Deputy Prime Minister John Prescott has praised Railtrack's Christmas engineering work which has seen more than 80 speed limits removed or eased.

But Railtrack admitted that holiday period work on two big re-signalling projects - planned long before the Hatfield crash - had not been completed.

The late running of the projects, at Willesden in north west London and at Leeds, caused delays to West Coast and East Coast mainline services.

Virgin Trains had to cancel 16 services on its West Coast route while East Coast operator GNER was forced to run buses for passengers travelling between Wakefield and Leeds.

Mr Prescott today visited Railtrack's headquarters in London to meet company board members and see how the Christmas engineering work had gone.

He emerged to say: "I'm delighted to see that Railtrack has exceeded its target and has replaced 40 miles of track having planned to do 30 miles."

He went on: "I want to say thanks to all those people who have worked extremely hard in the most difficult of circumstances."

Mr Prescott added that the rail industry was now on target to meet its commitment of restoring 85% of services by the end of January and to have all services back to normal by Easter.

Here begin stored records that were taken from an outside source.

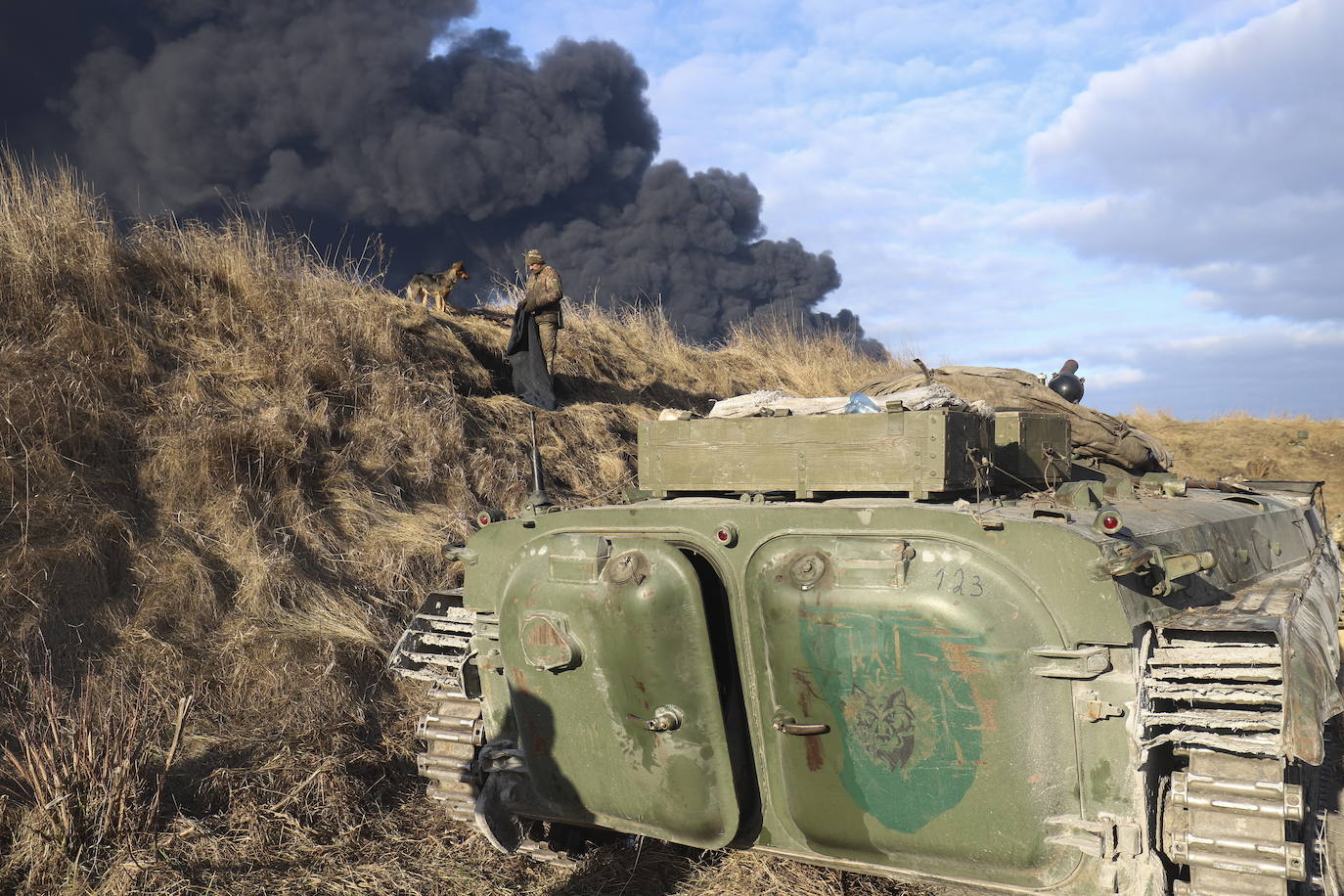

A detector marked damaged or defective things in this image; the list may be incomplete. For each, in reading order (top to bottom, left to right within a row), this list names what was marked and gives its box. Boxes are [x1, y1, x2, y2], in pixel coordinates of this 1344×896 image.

burned vehicle [391, 407, 1344, 896]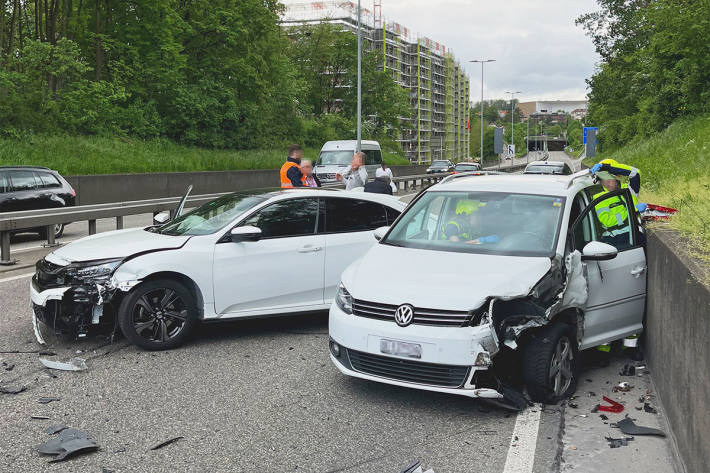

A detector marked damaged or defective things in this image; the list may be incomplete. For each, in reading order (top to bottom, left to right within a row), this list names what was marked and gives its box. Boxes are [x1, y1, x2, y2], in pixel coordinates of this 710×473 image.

crumpled hood [47, 228, 192, 264]
broken headlight [71, 258, 122, 280]
crumpled hood [342, 243, 552, 310]
damaged front bumper [29, 258, 138, 342]
broken grille [352, 298, 472, 324]
broken grille [350, 346, 472, 388]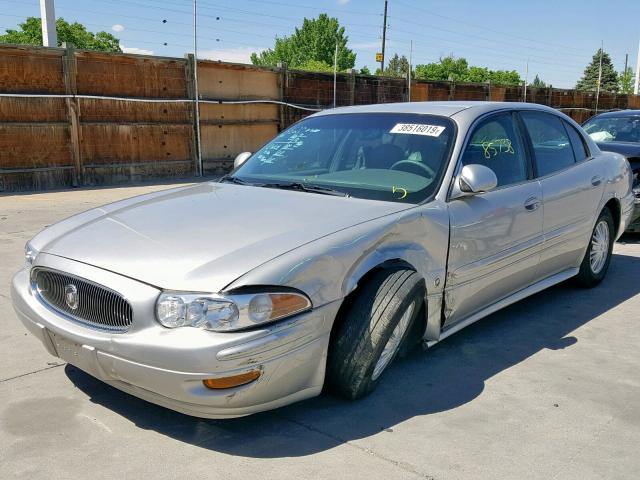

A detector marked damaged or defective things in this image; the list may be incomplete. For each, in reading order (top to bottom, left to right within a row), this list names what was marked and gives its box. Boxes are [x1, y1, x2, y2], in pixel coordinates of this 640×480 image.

crumpled hood [33, 182, 404, 290]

Railtrack said earlier today that bad weather and technical difficulties had caused the overrun of the Willesden and Leeds work.

After Mr Prescott's visit, Railtrack Chief Executive Steve Marshall said: "We recognise there have been some problems and that Leeds and Willesden are not completely finished, but the Christmas and new year engineering work generally has gone extremely well."

Around 8,000 workers spent Christmas and the new year at more than 60 locations around the country - rerailing and replacing points.

Railtrack said more speed limits would be eased in the coming days and that travellers could rely on faster and more reliable journeys when new timetables on affected lines come in on January 8 and 15.

Mr Marshall said: "Many people have been working around the clock over Christmas and the new year to make sure that rail services improve.

"Everyone at Railtrack knows no effort can be spared until the network is fully restored."